WASHINGTON (CN) – A title insurer cannot dismiss a $23 million lawsuit from the new owners of the luxury St. Regis Hotel who had to shelve expansion plans when construction ran into a literal brick wall, a federal judge ruled.
16th & K Hotel LP bought the St. Regis hotel in 2005 with an eye toward an extensive expansion project. Over the next three years, it hired surveyors, bought the neighboring lot and townhouse, and took out a $172 million title insurance policy with Commonwealth Land Title Insurance.
The policy provided an interest for Barclay’s Capital Real Estate as a mezzanine lender because the company took out its own $135 million policy with Commonwealth a year earlier.
By late Aril 2008, however, after three years of expansion work, the project comes to a screeching halt when workers literally hit a 12-inch-wide wall dividing the townhouse and an office building next door. Somehow the surveyors had overlooked the wall, which made the second parcel of land “substantially useless.”
St. Regis’ owner said the oversight put an end to the project and left it $23 million in debt.
Meanwhile, Barclays had asked Commonwealth to reimburse its losses, foreclosed on the property and sold it at public auction for $25 million in March 2011, according to 16th & K.

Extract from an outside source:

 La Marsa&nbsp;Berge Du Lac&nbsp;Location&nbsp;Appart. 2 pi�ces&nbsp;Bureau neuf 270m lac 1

The hotel owner filed suit shortly thereafter against Landmark-Fleet Surveyors, surveyor Bruce Landes and Commonwealth Land Title Insurance Company for breach of contract and negligence.

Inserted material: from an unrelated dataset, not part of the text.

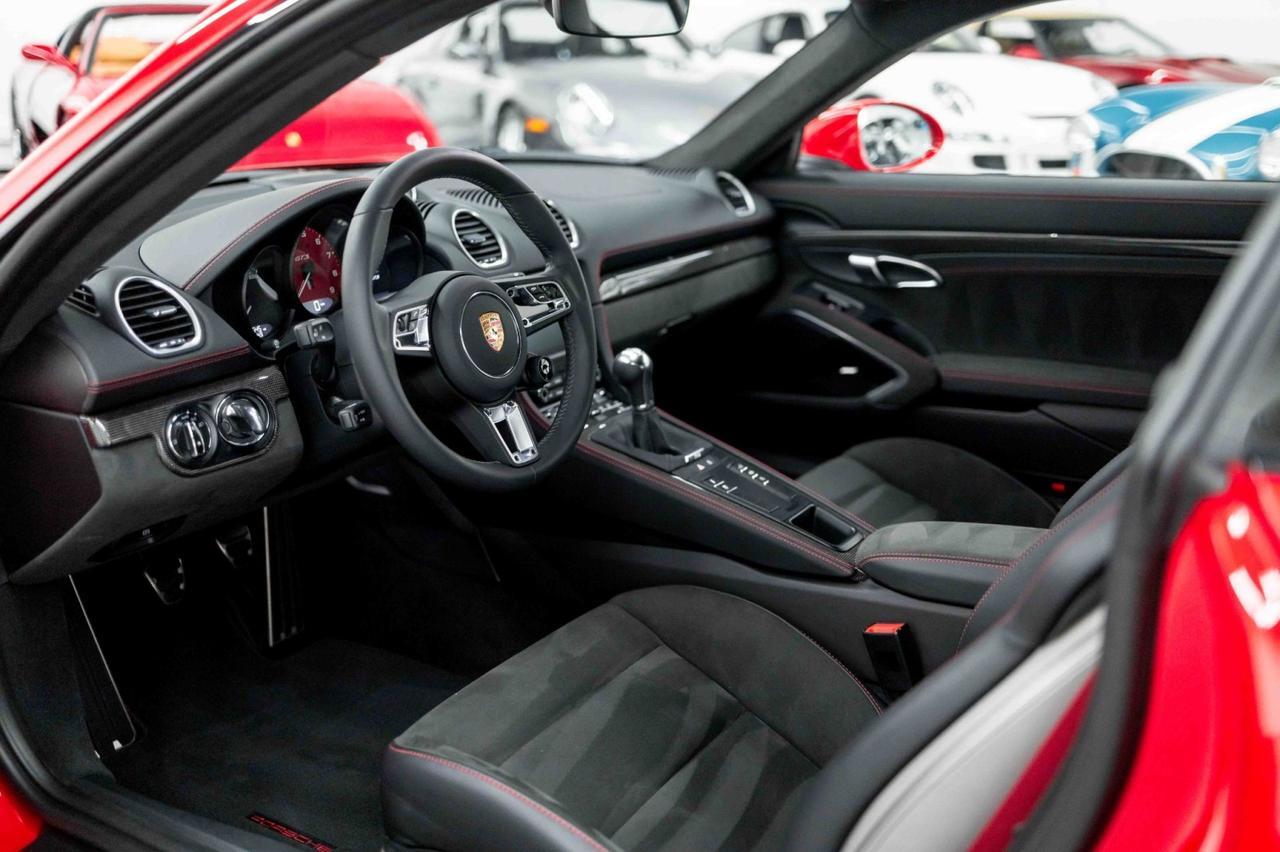 2024 Porsche 718 Cayman GTS 4.0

Commonwealth moved to dismiss, arguing that current complaint leaves the door open for more lawsuits because 16th & K failed to name Barclays as a defendant.
Commonwealth said its policy stipulates first payment to the mortgage lenders, making them necessary parties.

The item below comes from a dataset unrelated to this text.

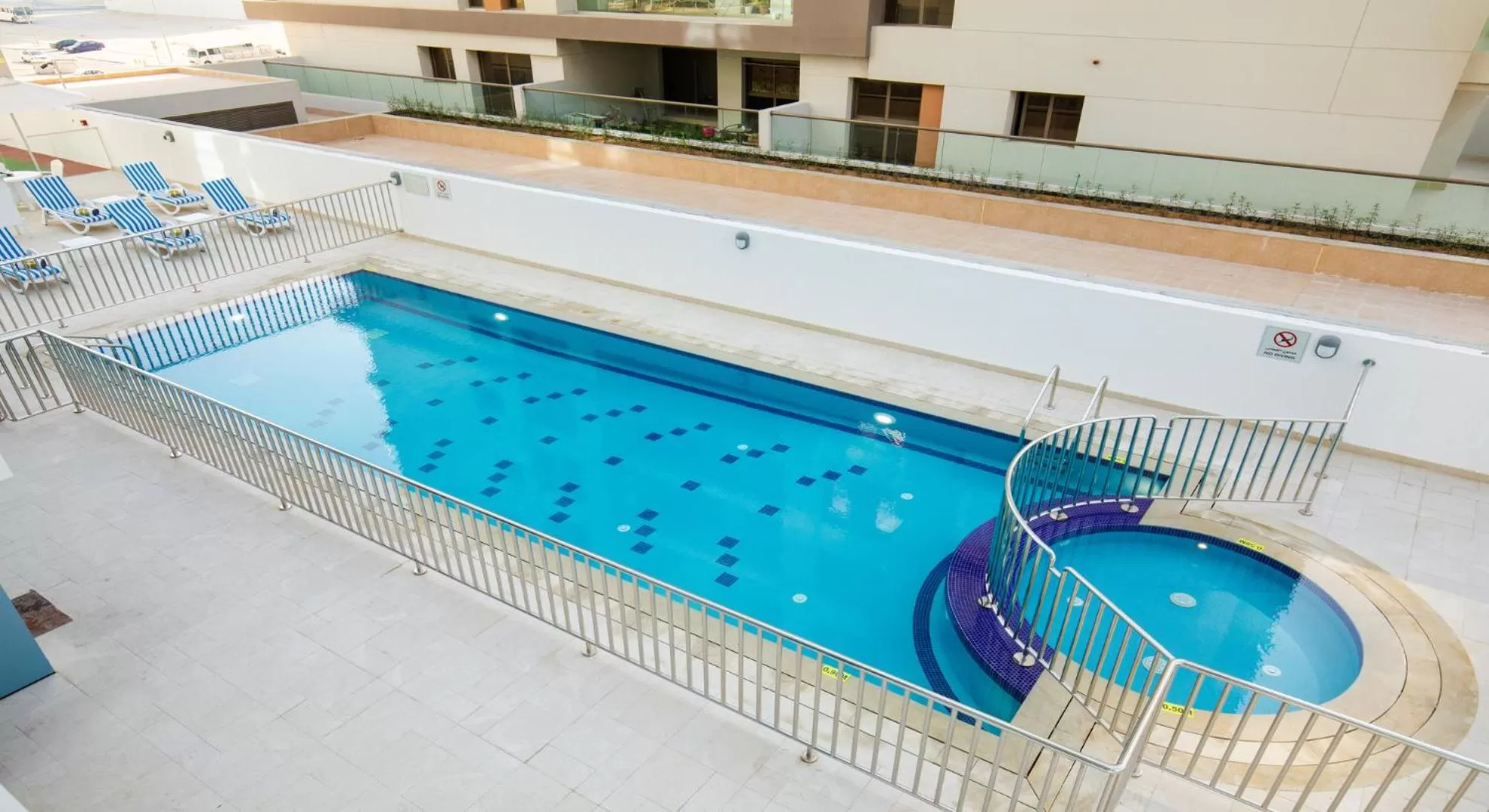 Swimming pool in Rose Executive Hotel - DWTC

U.S. District Beryl Howell disagreed, saying “neither of the plaintiff’s lenders is required for the court to grant complete relief among the parties to this action.”
“The fact that if the plaintiff’s claim against the defendant Commonwealth is successful, the plaintiff’s lenders may be entitled to payment from the proceeds of the owner’s policy, does not mean that relief is incomplete or inadequate among the existing parties,” he added.
By filing suit, 16th and K is actually protecting Barclay’s interests since such interest “is wholly contingent on the success of the plaintiff’s claim,” according to the 15-page decision.
Howell also rejected the claim that leaving Barclay’s out opens Commonwealth to future litigation.
“Commonwealth should have no concern regarding a ‘double’ or ‘multiple’ recovery against it because liability under the owner’s policy is limited to the amount owed to the plaintiff,” he wrote. “In other words, defendant Commonwealth owes no more to the plaintiff’s lenders than is owed to the plaintiff.”